→ Task statement
What is needed is an exact reproduction of the lines from the one that contains "Hintonburg Apartment |" through the end of the data, both included and nothing else, with pictures omitted.

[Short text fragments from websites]
*** Block opens ***
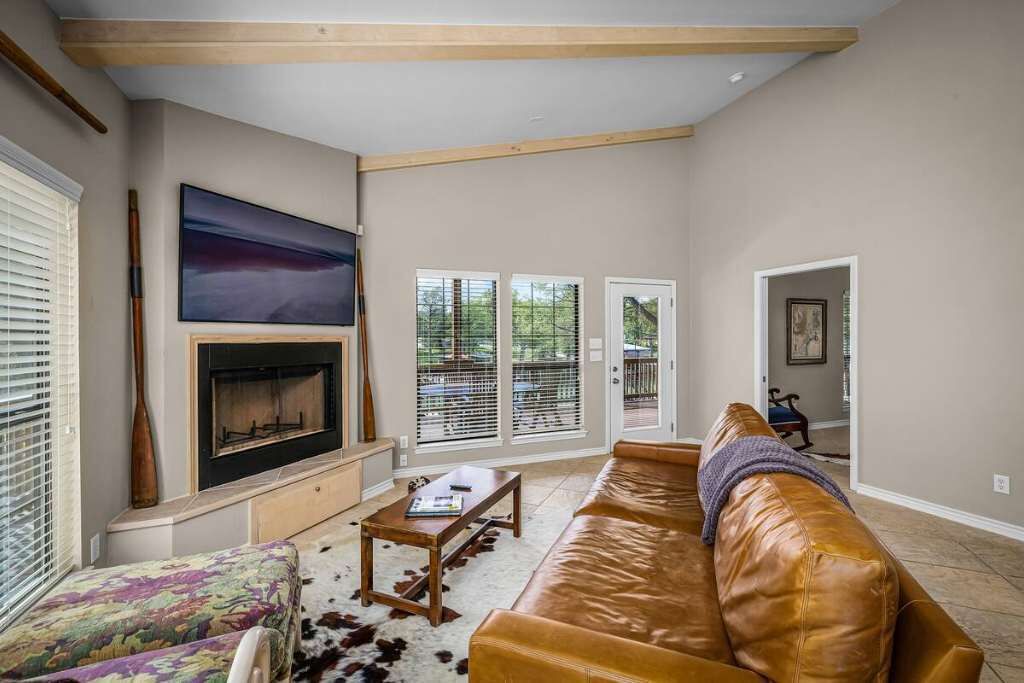 Photo of Livingroom in McQueeney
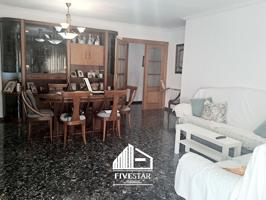Piso En venta en Malilla photo 0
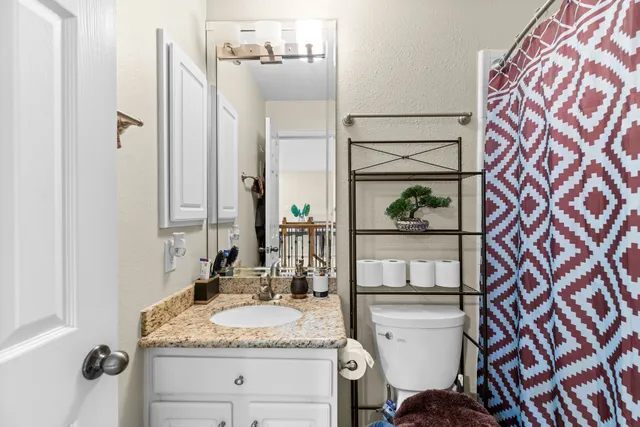 $3,900 | 27 East Artist Grove Circle, The Woodlands, TX 77382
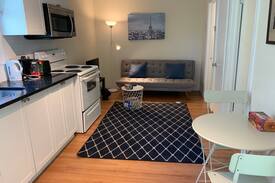 Hintonburg Apartment | 1 Bedroom in Hintonburg - Near Downtown w/ Parking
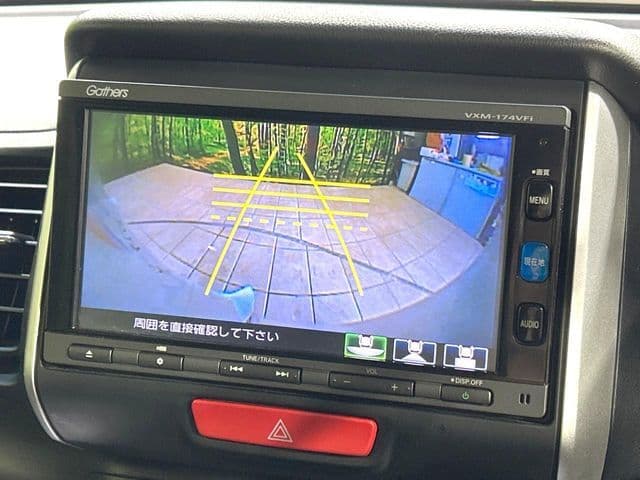 Car thumbnail 3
*** Block closes ***
→ Output of the exercise
 Hintonburg Apartment | 1 Bedroom in Hintonburg - Near Downtown w/ Parking
 Car thumbnail 3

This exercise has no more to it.